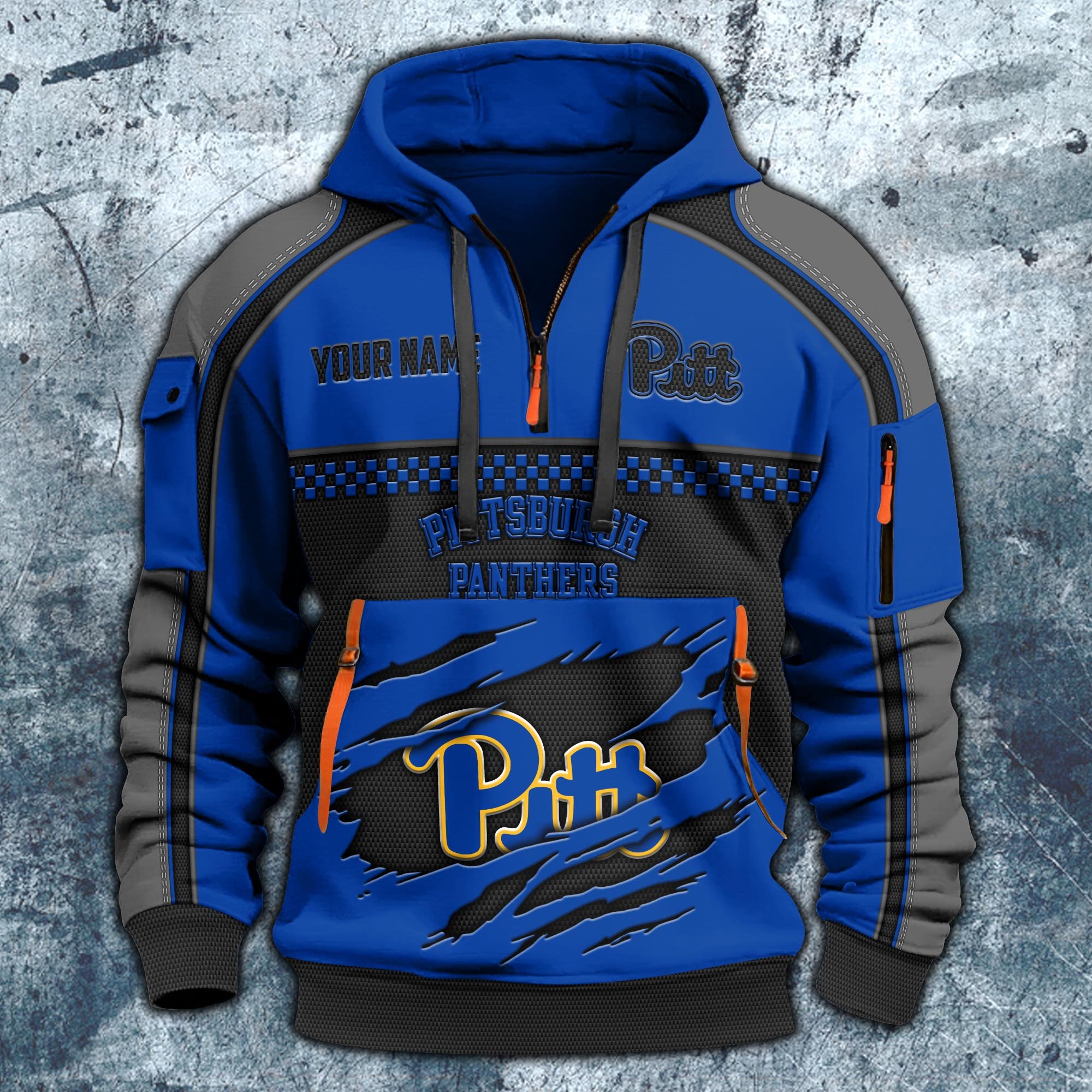 Alternative view of Pittsburgh Panthers Hoodie Half Zipper Custom Your Name,  Sports 3D Half-zip Hoodie EHIVM-07092718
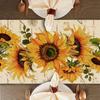 Autumn Sunflower Table Runner Retro Spring Summer Flower Home Kitchen Catering Decoration Seasonal Farmhouse Flower Decoration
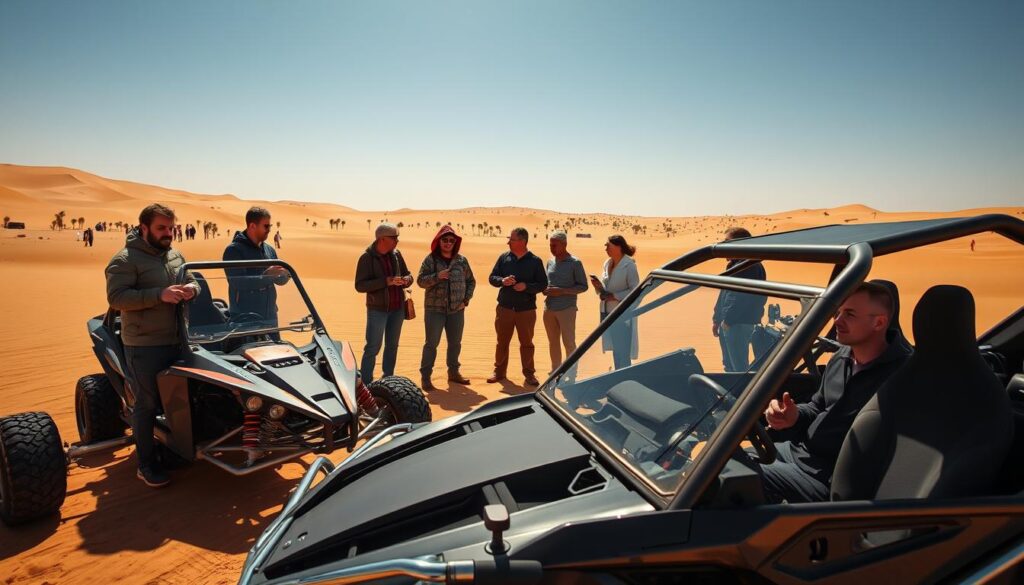 A group of adventurous tourists preparing for an exciting buggy excursion in the vast, sun-drenched Moroccan desert near Marrakech. In the foreground, the buggies stand ready, their sleek and powerful frames gleaming in the warm light. Visitors in the middle ground don protective gear and check their equipment, their faces filled with anticipation. In the background, the iconic red-earthed dunes and palm-dotted landscape of the Sahara set the stage for an unforgettable off-road experience. The scene is captured with a cinematic wide-angle lens, highlighting the expansive scale of the desert. The overall mood is one of adventure, exploration, and the thrill of discovering the rugged beauty of InsideKech. A group of adventurous tourists preparing for an exciting buggy excursion in the vast, sun-drenched Moroccan desert near Marrakech. In the foreground, the buggies stand ready, their sleek and powerful frames gleaming in the warm light. Visitors in the middle ground don protective gear and check their equipment, their faces filled with anticipation. In the background, the iconic red-earthed dunes and palm-dotted landscape of the Sahara set the stage for an unforgettable off-road experience. The scene is captured with a cinematic wide-angle lens, highlighting the expansive scale of the desert. The overall mood is one of adventure, exploration, and the thrill of discovering the rugged beauty of InsideKech.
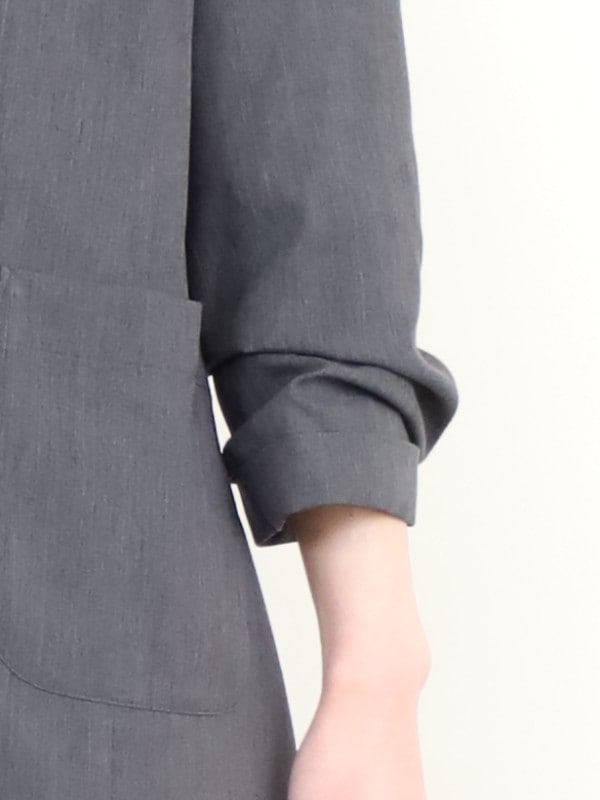 【trois】Vネック7分袖ノーカラージャケット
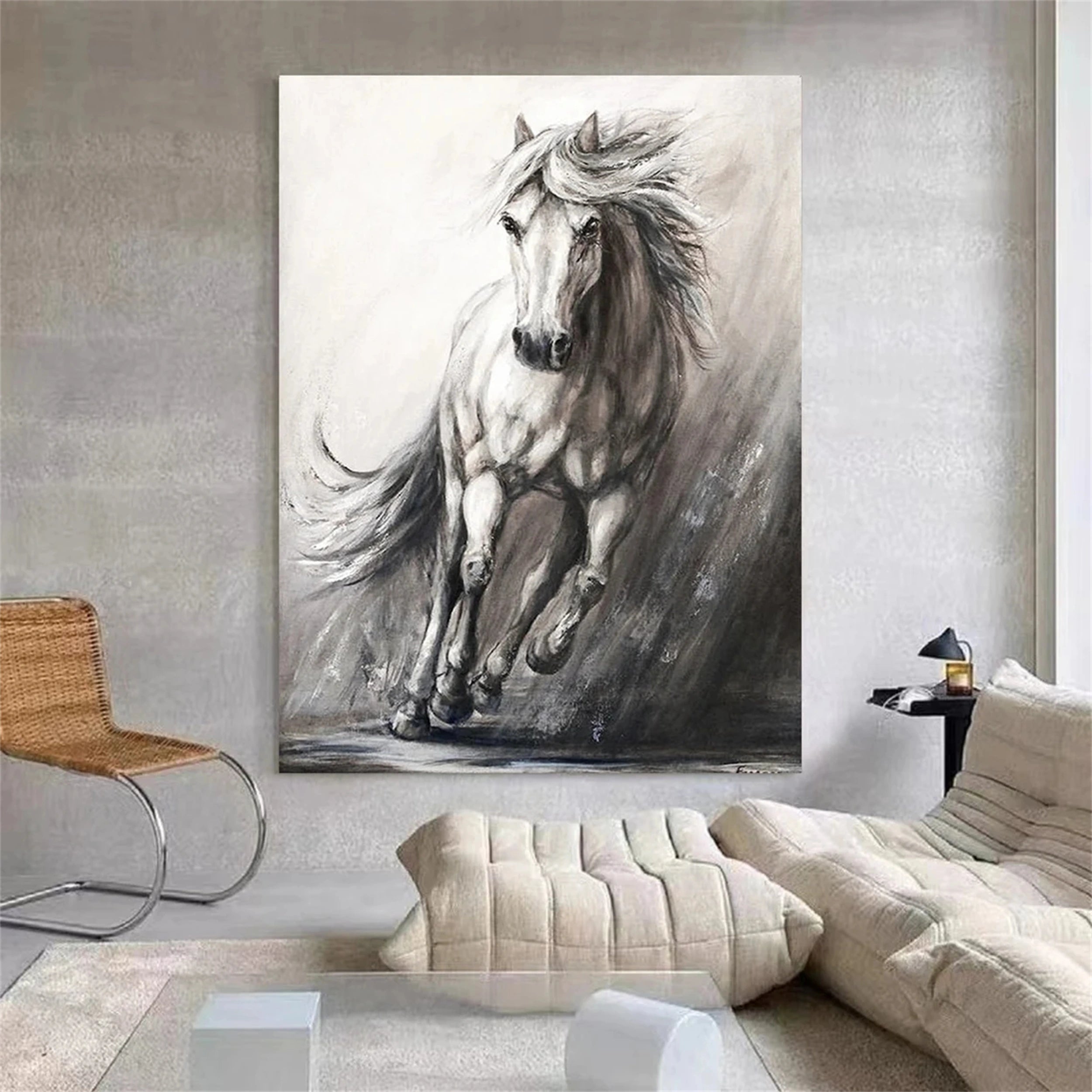 White And Black Horse Abstract Animal Wall Art #AL048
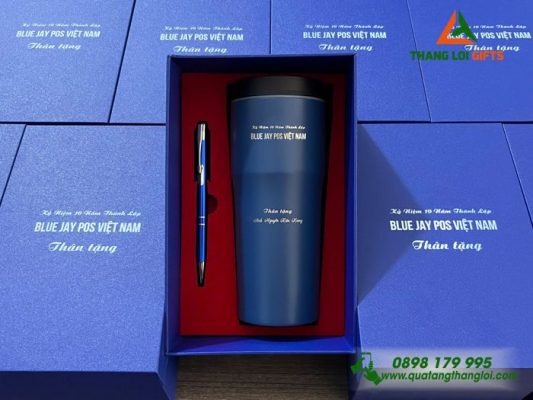 Giftset (Ly Elmich+Bút) - In Khắc Logo Doanh Nghiệp Blue Jay Pos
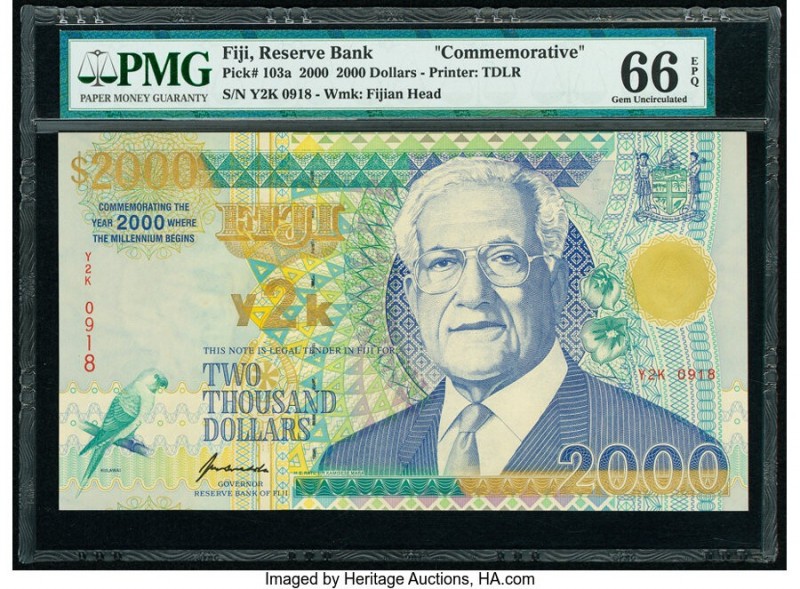 Fiji Reserve Bank of Fiji 2000 Dollars 2000 Pick 103a Commemorative PMG Gem Unci...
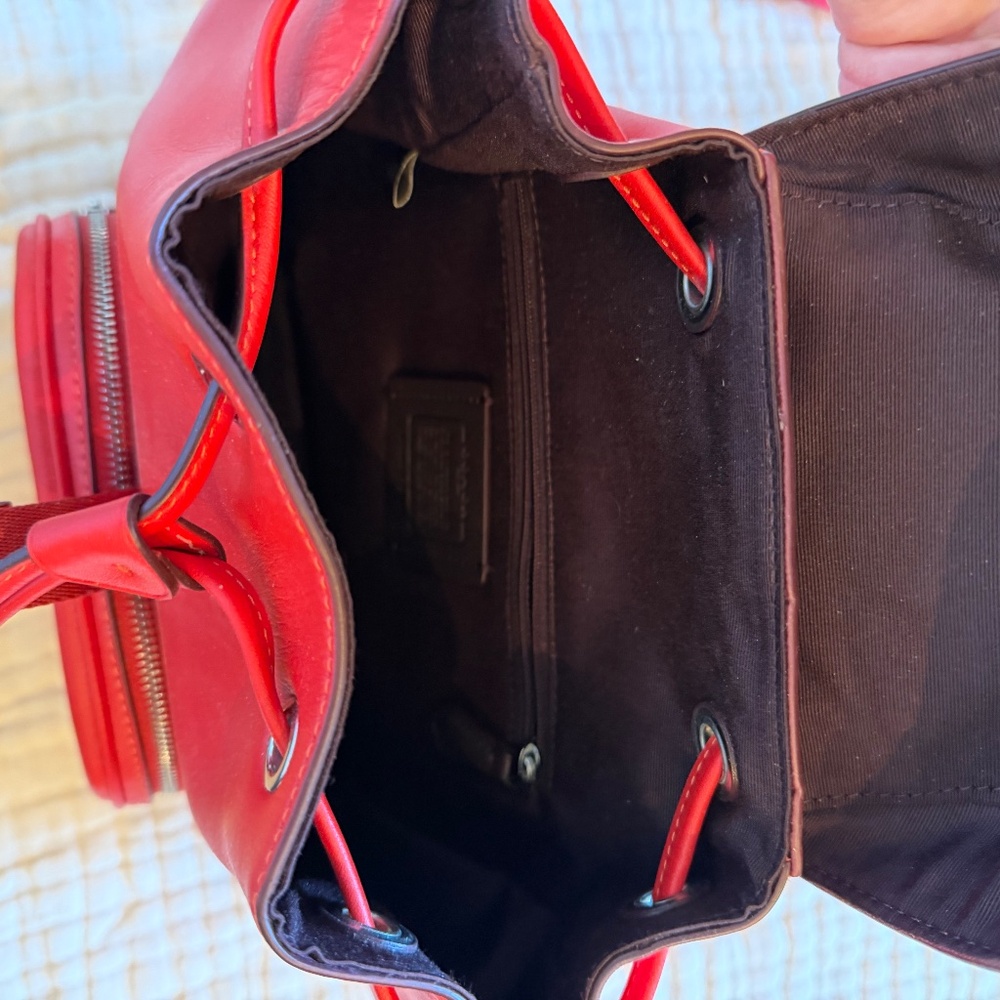 Coach backpack purse red leather NWT - Picture 5 of 6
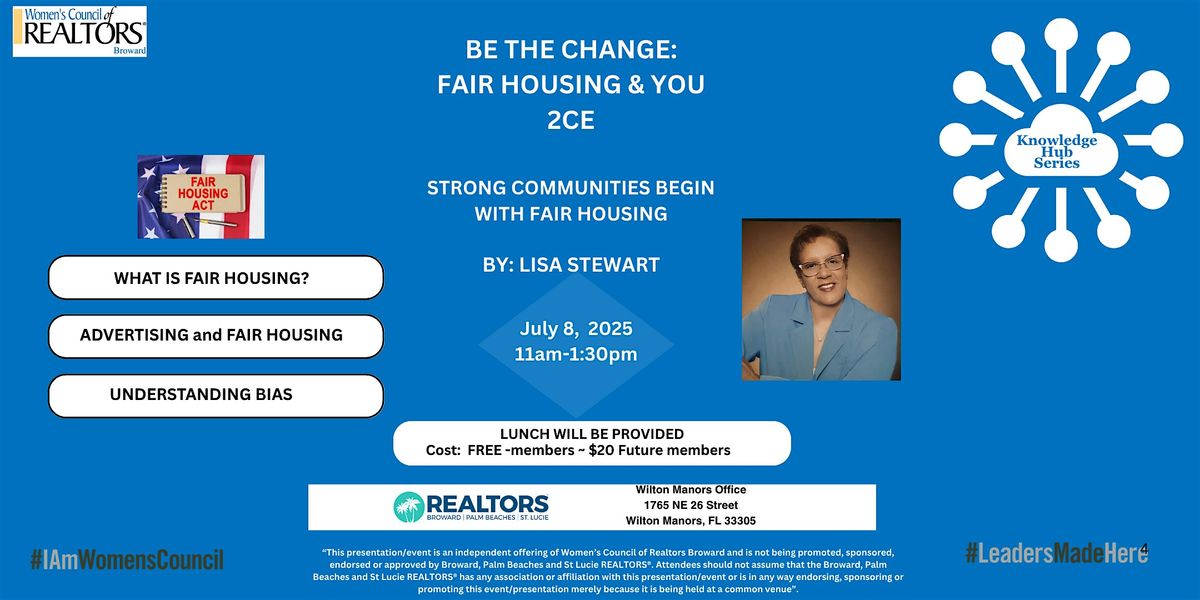 WCR Broward - Knowledge Hub Series -Fair Housing & You- 2 CE Credits | Event in Fort Lauderdale | AllEvents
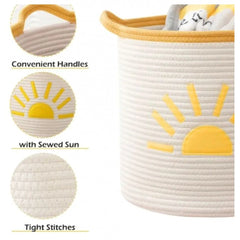 Generic Cotton Sun Basket Pack of 1 Storage Basket For Clothes (White)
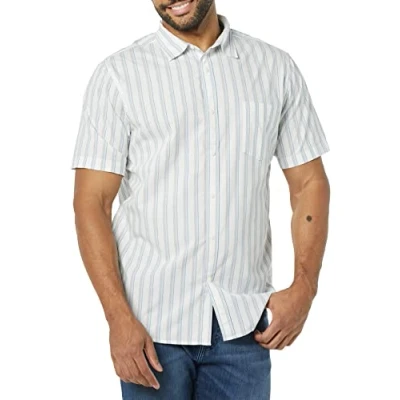 Immagine di Amazon Essentials Camicia in Popeline a Maniche Corte Slim Uomo, Blu Grigio Bianco Righe, XXL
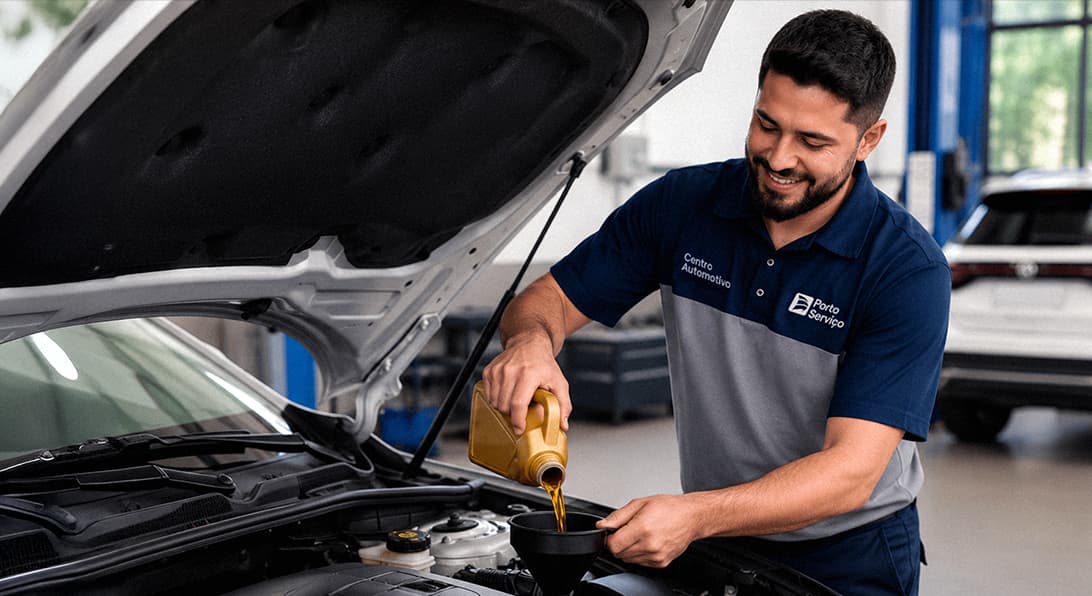 A imagem mostra um homem em pé, com cabelo e barba curtos, usando uma camiseta com as logotipos do Centro Automotivo e Porto Serviço realizando a troca de óleo de um veículo com capô aberto.
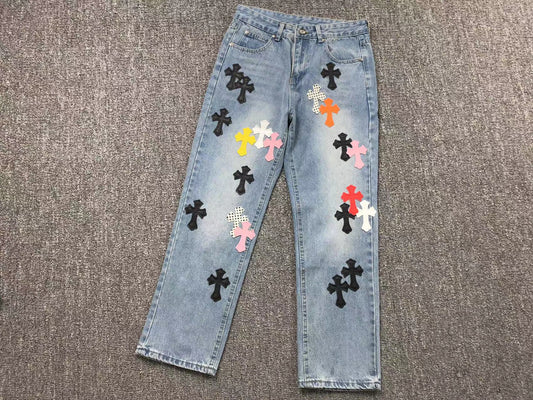 Chrome Hearts Cross Patch Pantalon Jeans Azul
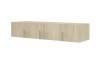 Hängendes Sideboard in heller Eichenoptik mit passenden Holzgriffen.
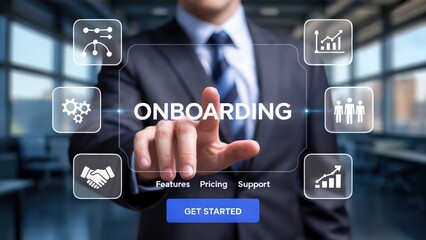 Business professional is utilizing an onboarding process for company development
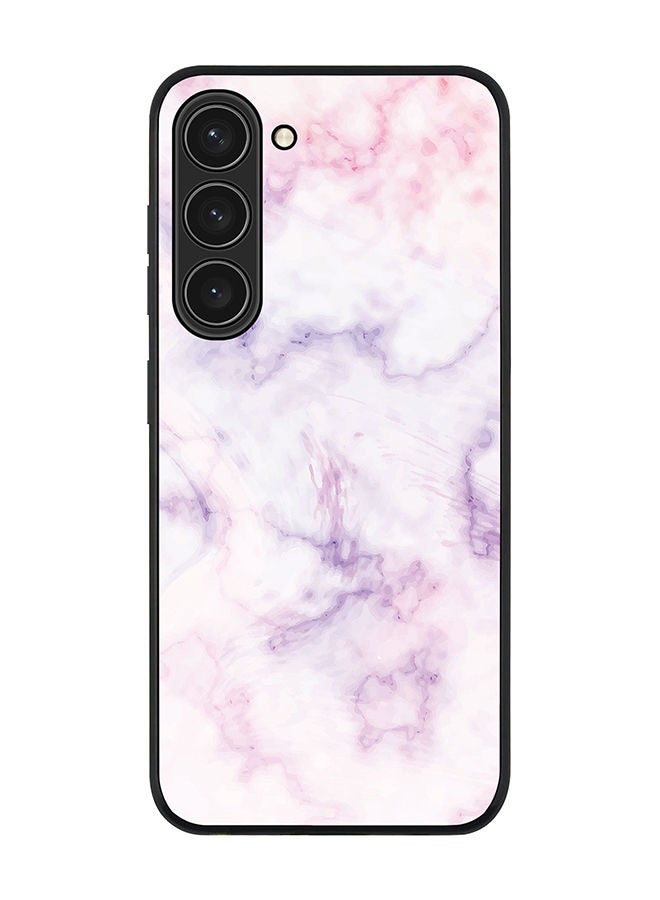 Stylizedd Rugged Black edge case for Samsung Galaxy S23+ 5G Slim fit Soft Case Flexible Rubber Edges Anti Drop TPU Gel Thin Cover - Marble Print Cotton Candy - Image 1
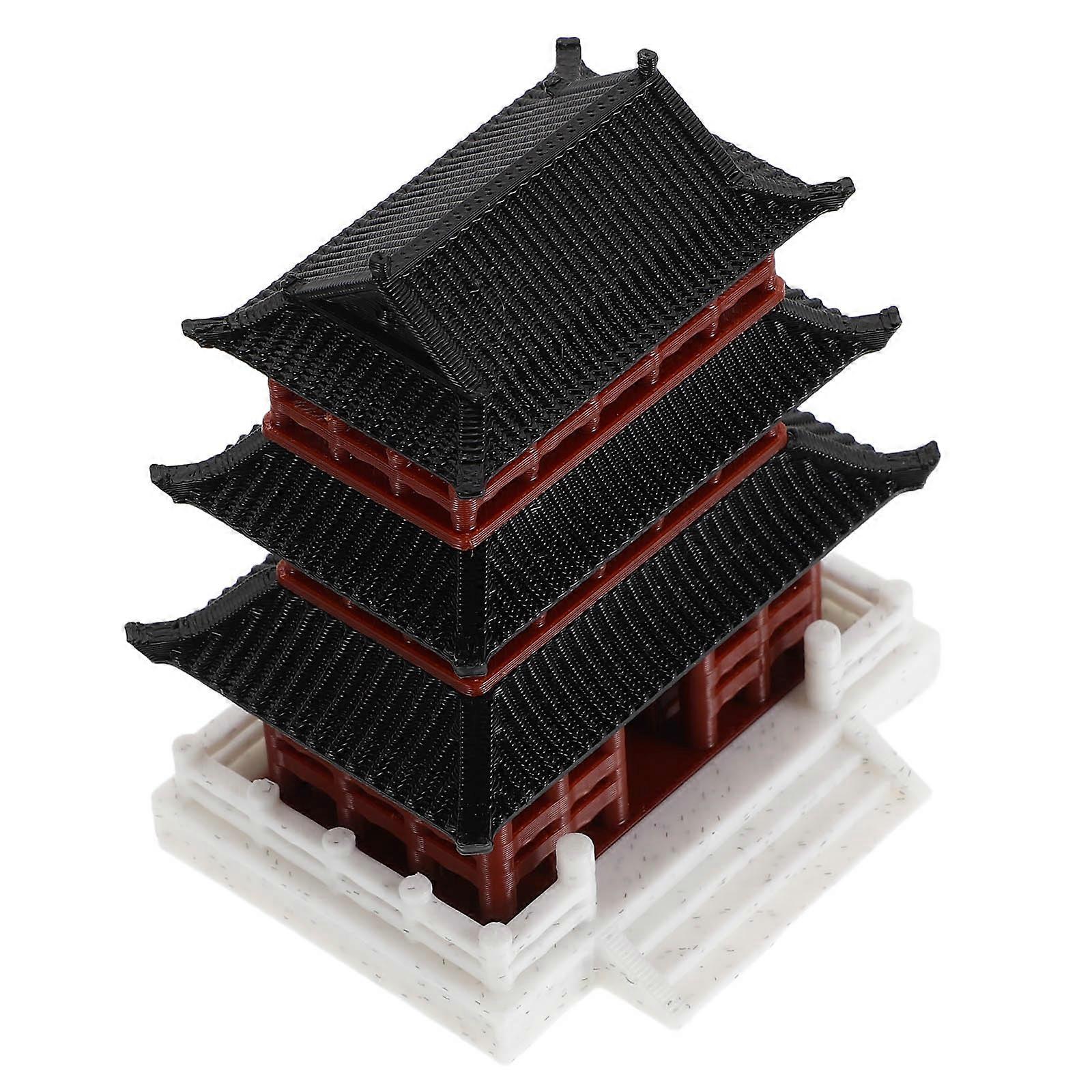 Miniature Garden Pavilion Statue, Traditional Chinese Zen Figurine for Aquarium Bonsai Meditation, Durable Elegant Design, Versatile Collectible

.....

## Aim of the task
Leaving out the pictures, repeat all the entries exactly as they stand.

## Answer space
 Alternative view of Pittsburgh Panthers Hoodie Half Zipper Custom Your Name,  Sports 3D Half-zip Hoodie EHIVM-07092718
 Autumn Sunflower Table Runner Retro Spring Summer Flower Home Kitchen Catering Decoration Seasonal Farmhouse Flower Decoration
 A group of adventurous tourists preparing for an exciting buggy excursion in the vast, sun-drenched Moroccan desert near Marrakech. In the foreground, the buggies stand ready, their sleek and powerful frames gleaming in the warm light. Visitors in the middle ground don protective gear and check their equipment, their faces filled with anticipation. In the background, the iconic red-earthed dunes and palm-dotted landscape of the Sahara set the stage for an unforgettable off-road experience. The scene is captured with a cinematic wide-angle lens, highlighting the expansive scale of the desert. The overall mood is one of adventure, exploration, and the thrill of discovering the rugged beauty of InsideKech. A group of adventurous tourists preparing for an exciting buggy excursion in the vast, sun-drenched Moroccan desert near Marrakech. In the foreground, the buggies stand ready, their sleek and powerful frames gleaming in the warm light. Visitors in the middle ground don protective gear and check their equipment, their faces filled with anticipation. In the background, the iconic red-earthed dunes and palm-dotted landscape of the Sahara set the stage for an unforgettable off-road experience. The scene is captured with a cinematic wide-angle lens, highlighting the expansive scale of the desert. The overall mood is one of adventure, exploration, and the thrill of discovering the rugged beauty of InsideKech.
 【trois】Vネック7分袖ノーカラージャケット
 White And Black Horse Abstract Animal Wall Art #AL048
 Giftset (Ly Elmich+Bút) - In Khắc Logo Doanh Nghiệp Blue Jay Pos
 Fiji Reserve Bank of Fiji 2000 Dollars 2000 Pick 103a Commemorative PMG Gem Unci...
 Coach backpack purse red leather NWT - Picture 5 of 6
 WCR Broward - Knowledge Hub Series -Fair Housing & You- 2 CE Credits | Event in Fort Lauderdale | AllEvents
 Generic Cotton Sun Basket Pack of 1 Storage Basket For Clothes (White)
 Immagine di Amazon Essentials Camicia in Popeline a Maniche Corte Slim Uomo, Blu Grigio Bianco Righe, XXL
 A imagem mostra um homem em pé, com cabelo e barba curtos, usando uma camiseta com as logotipos do Centro Automotivo e Porto Serviço realizando a troca de óleo de um veículo com capô aberto.
 Chrome Hearts Cross Patch Pantalon Jeans Azul
 Hängendes Sideboard in heller Eichenoptik mit passenden Holzgriffen.
 Business professional is utilizing an onboarding process for company development
 Stylizedd Rugged Black edge case for Samsung Galaxy S23+ 5G Slim fit Soft Case Flexible Rubber Edges Anti Drop TPU Gel Thin Cover - Marble Print Cotton Candy - Image 1
 Miniature Garden Pavilion Statue, Traditional Chinese Zen Figurine for Aquarium Bonsai Meditation, Durable Elegant Design, Versatile Collectible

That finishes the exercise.